From the autumn of 1924, he placed pieces in: Fraye arbeter-shtinme
(Free voice of labor), Tsukunft (Future), Der tog (The day), Der proletarisher gedank, Morgn-zhurnal (Morning journal), Tog-morgn-zhurnal (Day morning journal),
Der amerikaner (The American), Yidishe kultur (Jewish culture), Kinder-zhurnal (Children’s magazine), Kinder-tsaytung (Children’s newspaper), Ilustrirte yontef-bleter, Vayter (Further), Zayn (To be), Poylisher id
(Polish Jew), Nyu-yorker vokhnblat
(New York weekly newspaper), and Idisher
kemfer (Jewish fighter)—in New York; Der
shpigl (The mirror) and Ilustrirte
literarishe bleter (Illustrated literary sheets)—in Buenos Aires; Keneder odler (Canadian eagle) in
Montreal; and Idisher zhurnal (Jewish
journal) in Toronto; among others. He
edited the French Jewish periodical Der
poylisher yid (The Polish Jew) in Paris (1934-1936). In book form: Kinder-lider un kinder-gedikhten (Children’s songs and children’s
poems), edited and with a foreword by Yankev Dinezon (Warsaw, 1919), 54 pp.,
which appeared in four editions (the songs, with music by Leo Lyov, M. Shneur,
Yoysef-Shloyme Glatshteyn, Avrom Davidovitsh, and Mikhl Gelbart, were sung in
the Jewish children’s homes and elementary schools in Poland until 1939); Flamen (Flames), songs and poetry, with
illustrations by H. Berlevi (Warsaw, 1920), 115 pp.; Lider fun yidishe zelner (Songs of Jewish soldiers), designed by Artur
Shik and Leopold Gotlib (Paris, 1931), 95 pp.; In pariz (In Paris), songs and poems, with a foreword by Y. M.

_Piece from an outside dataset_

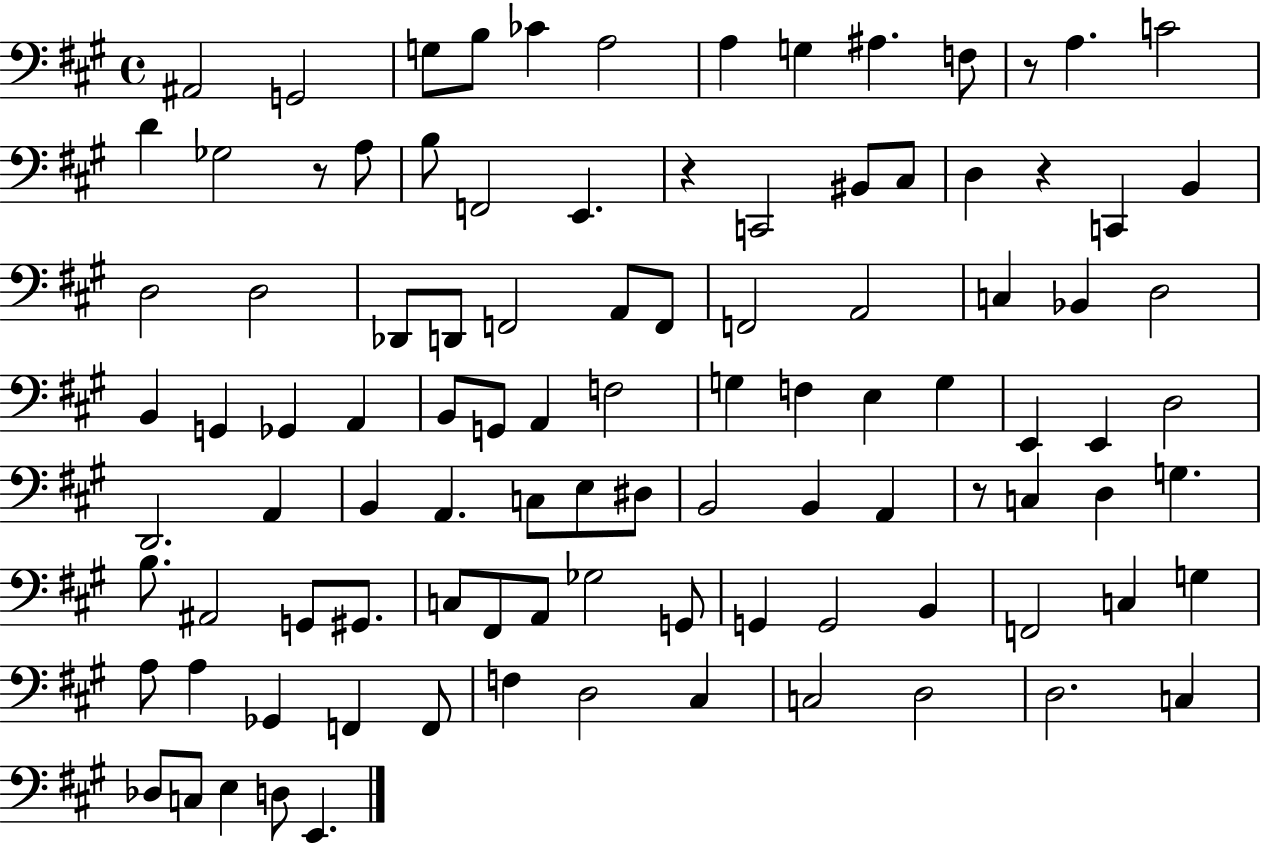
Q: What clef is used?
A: bass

Weissenberg and drawing by Roman Kramtshik and Z. Shapiro (Warsaw, 1938), 250
pp.; Lider fun a flikhting (Songs of
a refugee) (New York, 1945), 256 pp.; Ester
hamalke in shpigl fun doyres (Queen Esther in the mirror of generations), “historical
mosaic in dramatic poems,” 32 images with forty artistic adornments (New York,
1952), 272 pp. He translated from Russian
into Yiddish: Nasha platforma (Our
platform), the party program of the Labor Zionists (Warsaw, 1915); Karl
Kautsky, Diktatur fun proletaryat (Dictatorship
of the proletariat [Diktatura
proletariata]) (Warsaw: Lebens fragen, 1919), 132 pp.; Karl Marx, Loyn-arbet un kapital (Wage-labor and
capital [Naemnyi trud i kapital])
(Vilna, 1922), 40 pp. Londinski’s songs
were translated into Polish, Russian, and French. In his last years he turned his attention to
painting and drawing. He also published
under such pen names as: Ben-Bene, Dr. Avrom Shpigelman, and Sh. Lonski. He died in New York.
Sources:
Yankev Dinezon, foreword to Londinski’s Kinder-lider
un kinder-gedikhten (Children’s songs and children’s
poems) (Warsaw, 1919), pp. 5-6; Khayim Leyb Fuks, in Folksblat (Lodz) (September 15, 1920);
Shmuel Niger, in Der fraynd (New
york) (August 1920); Niger, in Tog
(New York) (September 19, 1931; September 12, 1948); Y. M. Weissenberg,
foreword to Londinski’s In pariz (In
Paris) (Warsaw, 1938); E. Almi, in Forverts
(New York) (July 8, 1945); Almi, in Der
tog (November 14, 1952); Moyshe Shtarkman, in Der tog (July 15, 1945); Dr. A. Mukdoni, in Morgn-zhurnal (New York) (August 12, 1945); Sh. Lonshayn, in Nyu-yorker vokhnblat (New York) (August
8, 1946); A. Shraykhman, in Forverts
(December 21, 1946); Dr. A. Rozmarin, in Morgn-zhurnal
(February 28, 1948); M. Dantsis, in Der
tog (April 9, 1948); Tsviun, in Forverts
(June 4, 1949); Yankev Glatshteyn, in Morgn-zhurnal
(April 30, 1950); A. Leyeles, in Tog
(May 13, 1950; July 6, 1952); Y. Varshavski, in Forverts (July 6, 1952); Y. Bronshteyn, Yo un nisht neyn (Yes and not
no), essays (Los Angeles, 1953), pp. 237-40; A. Petshenik, in Der mizrakhi-veg (New York) (Shevet-Adar
[January-March] 1953); Sh. Slutski, Avrom
Reyzen-biblyografye (Avrom Reyzen bibliography) (New York, 1956), no. 5387;
Yozef Milboyer, in Le Journal des Poètes
(Paris) (March 1933); In Jewish Bookland
(New York) (March-April 1949); obituary notices in Forverts and Tog (August
27, 29, 1956); Perl Weissenberg, in Fraye
arbeter-shtime (New York) (September 1, 1961; October 1, 1961).